◆ Work instructions
Please keep to the lines below from the one with "Ensemble De Carillon" through the one with "Eddie Bauer　エデ", and restate them word for word, ends included.

==== Provided records

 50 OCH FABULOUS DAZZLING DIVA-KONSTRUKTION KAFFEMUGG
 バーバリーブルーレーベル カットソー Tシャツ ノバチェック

========
==== Provided records

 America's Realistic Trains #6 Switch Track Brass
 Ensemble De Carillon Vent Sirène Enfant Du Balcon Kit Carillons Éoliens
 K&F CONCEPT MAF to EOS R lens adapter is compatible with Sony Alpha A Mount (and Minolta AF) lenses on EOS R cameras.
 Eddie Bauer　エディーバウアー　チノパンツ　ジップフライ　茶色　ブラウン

========

◆ Output for this exercise
 Ensemble De Carillon Vent Sirène Enfant Du Balcon Kit Carillons Éoliens
 K&F CONCEPT MAF to EOS R lens adapter is compatible with Sony Alpha A Mount (and Minolta AF) lenses on EOS R cameras.
 Eddie Bauer　エディーバウアー　チノパンツ　ジップフライ　茶色　ブラウン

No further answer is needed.